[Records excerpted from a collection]
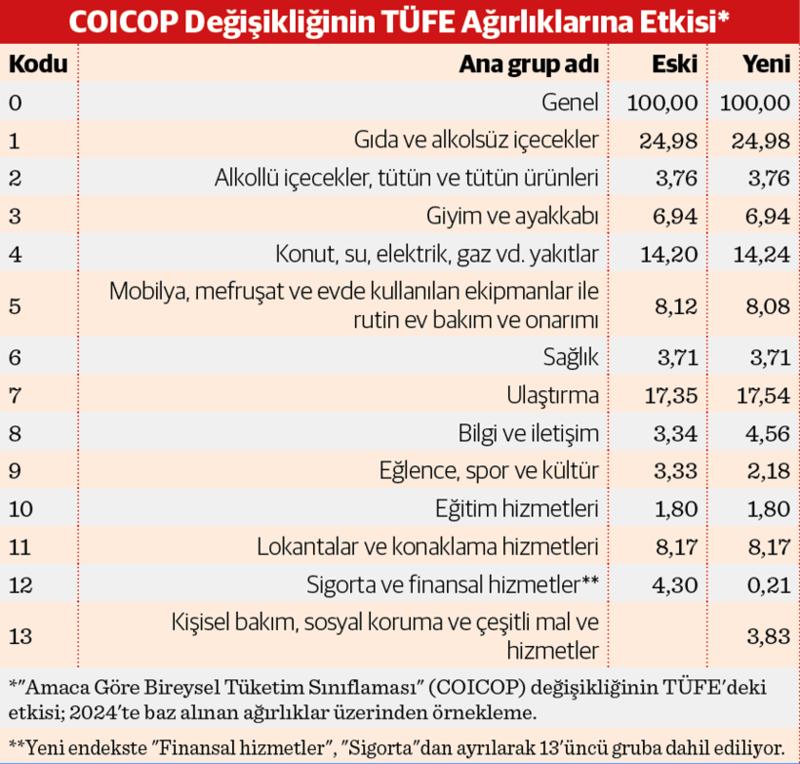 Enflasyon ölçümünde AB’ye uyum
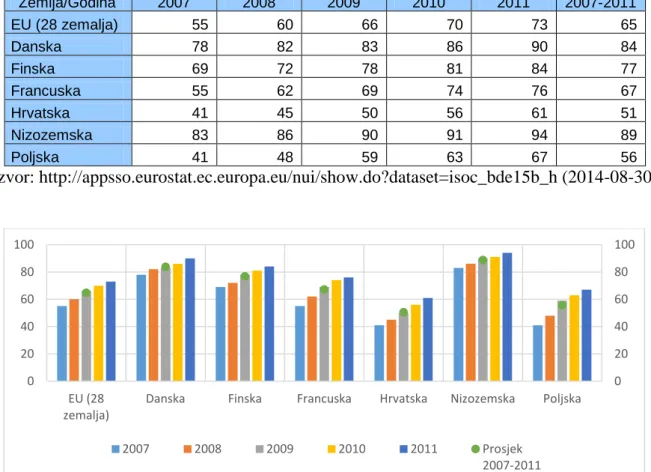 Tablica 9: postotak kućanstava koja imaju pristup internetu 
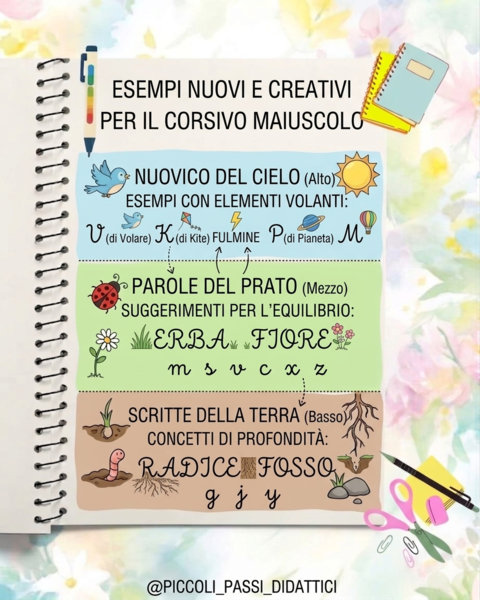 Quaderno Corsivo maiuscolo+ esercizi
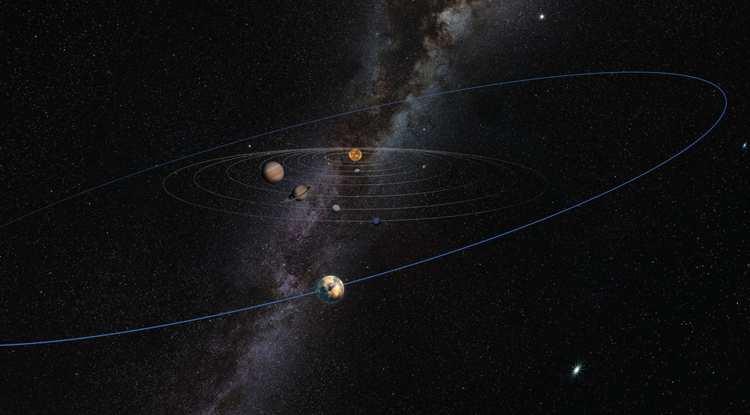 Abb. 3 Schematische Darstellung der Migration der Planeten im Sonnensystem. Die Position der heute bekannten Planeten entspricht nicht ihrem Geburtsort im Planetensystem.
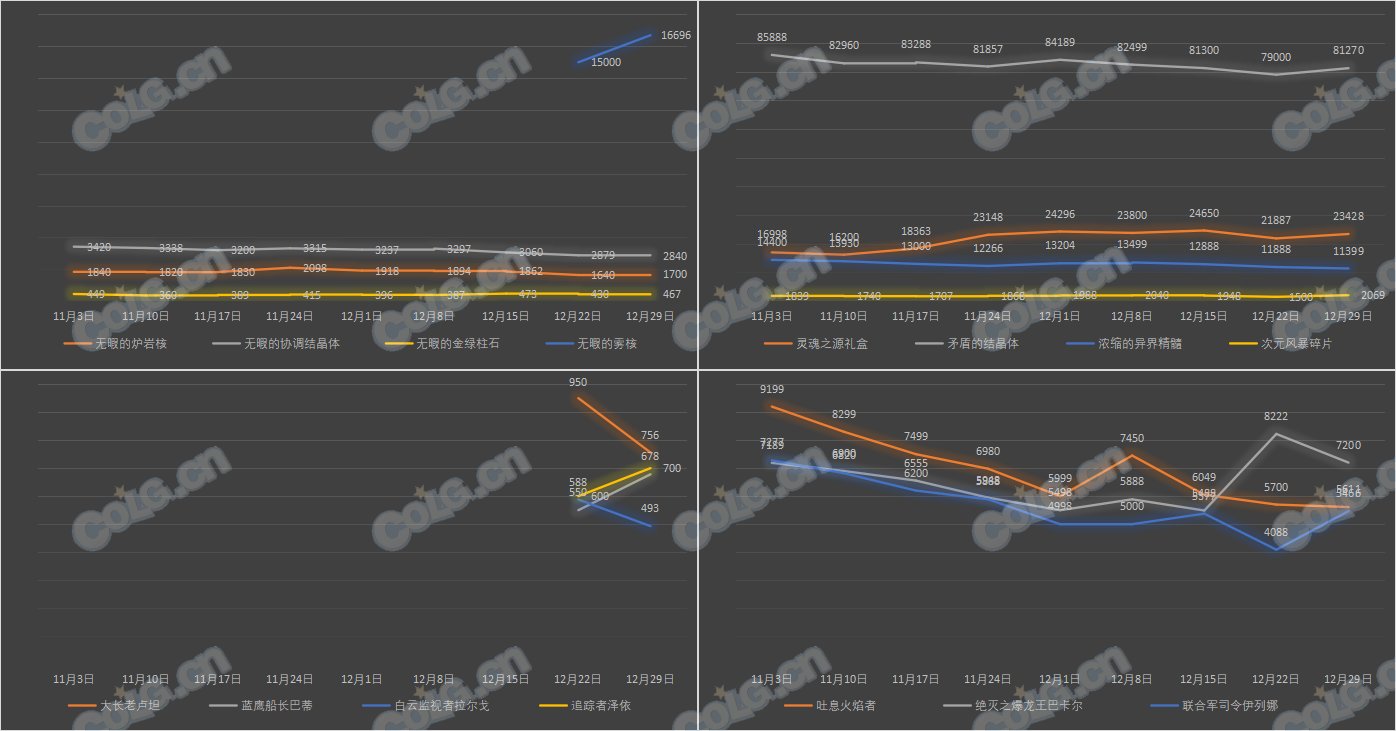 【攻略：全跨区物价】《2023魔盒/常驻/金价》道具礼包拍卖行价格统计（12月29日-第51期）25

• ACTIVITY:
Pictures are to be left out when the entries above are repeated exactly.

• EXERCISE RESPONSE:
 Enflasyon ölçümünde AB’ye uyum
 Tablica 9: postotak kućanstava koja imaju pristup internetu 
 Quaderno Corsivo maiuscolo+ esercizi
 Abb. 3 Schematische Darstellung der Migration der Planeten im Sonnensystem. Die Position der heute bekannten Planeten entspricht nicht ihrem Geburtsort im Planetensystem.
 【攻略：全跨区物价】《2023魔盒/常驻/金价》道具礼包拍卖行价格统计（12月29日-第51期）25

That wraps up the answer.